You're also correcting the wrong problem. You can have your deps outside of your repo and still not go off to the net each time. You should cache or mirror the repo and build from that.

At some point the convenience of public repos made people forget this.

One important argument against this practice is that node_modules is usually not cross-platform. It's likely that somewhere within your dependency graph, there is a package that contains native code, which results in platform-specific binaries in your git repository.
Watch out! The "pure and perfect git history is more important than any other consideration" crowd are going to take you apart for this heretical notion!
More like the "we don't want a 10gb git repo" crowd to be honest.

Checking in not only your code, but your entire history of every dependency and every change within that dependency graph is an amazingly bad idea when frontend apps often have 600mb+ of dependencies that change somewhat frequently, and git keeps a version of every file in its history.

But you're going to have to install them either way. We only update dependencies when they are needed, so in practice this is rarely an issue. We have also gotten in the practice of making separate branches for updates to keep Pull Requests sane.
Part of my current project has a node_modules folder that is 400MB and contains 37853 files. Seeing as updating a dependency can cause a cascading effect that can touch a lot of different files, it's not a good idea to store them in git. It's akin to the reason you don't store binary files in git.

If installs are too slow, switch to a caching yarn/npm mirror. Cloudflare has one. Or run a local caching proxy for your team.

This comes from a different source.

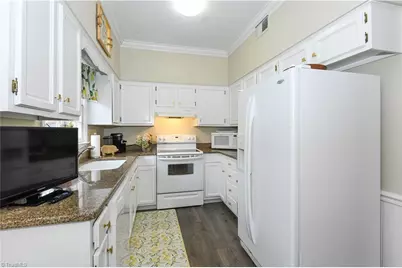 4 Fountain Manor Drive #A, Greensboro, NC 27405 - Photo 10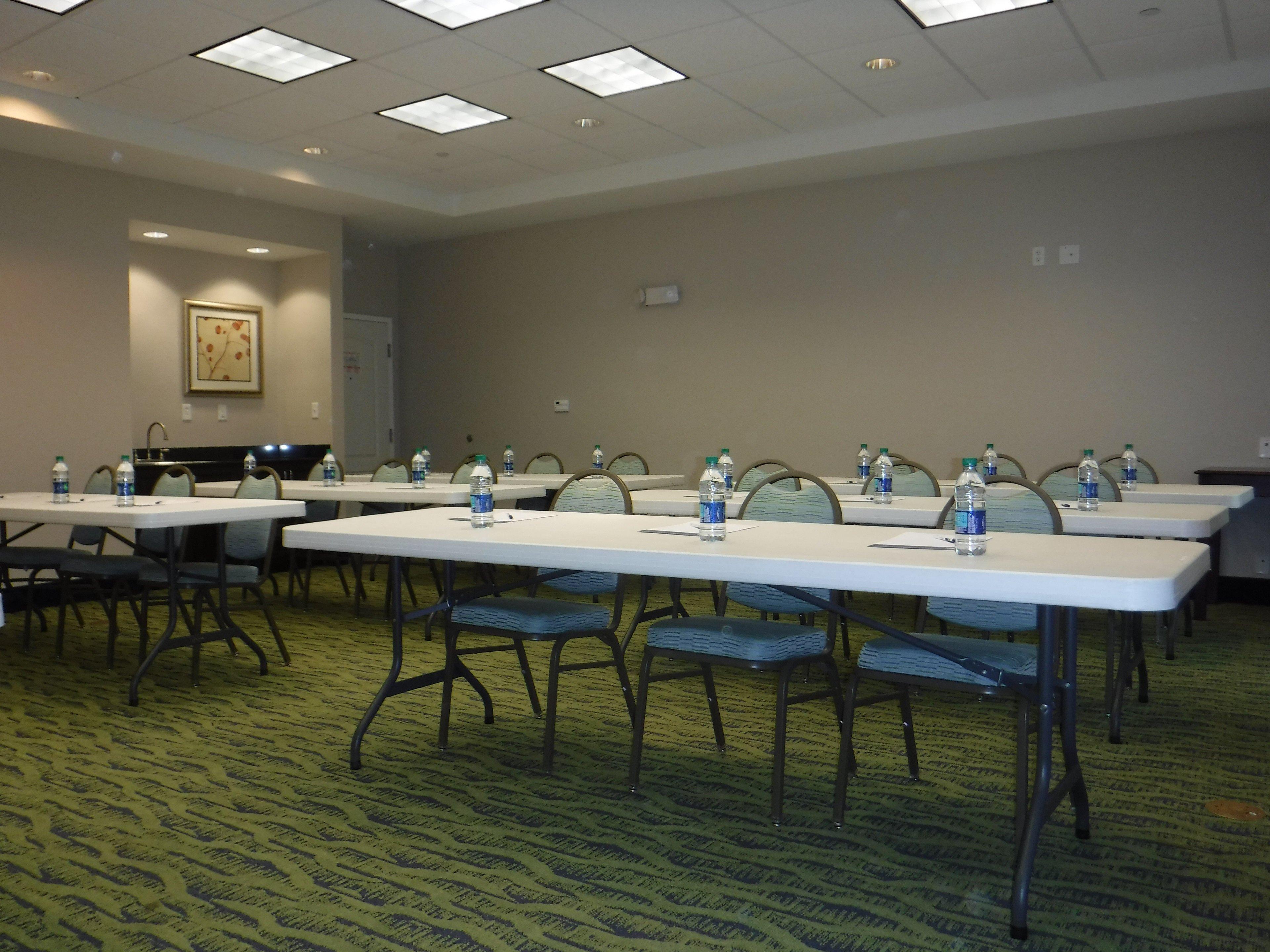 Holiday Inn Express West Jefferson By Ihg Exterior photo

The repo doesn't get big because the dependencies are huge at a point in time (though they may be); it gets big because they change over time, and history gets huge and intensely messy in this situation. Shallow clones, branching, and fetch tuning are band-aids on this, which, over enough time (which in practice can be as short as months on a big project being iterated on by tons of people) will still cause clone/deployment problems, repo storage problems, and lost time. And don't start with the "well then just break it up into multiple git repos!" stuff. That's not only incredibly hard to do in practice/in the face of legacy, but it's fundamentally just another constant-factor mitigation on the problem. Sometimes, checking in all the deps makes sense. Sometimes it doesn't. Big node projects are a situation where it often doesn't.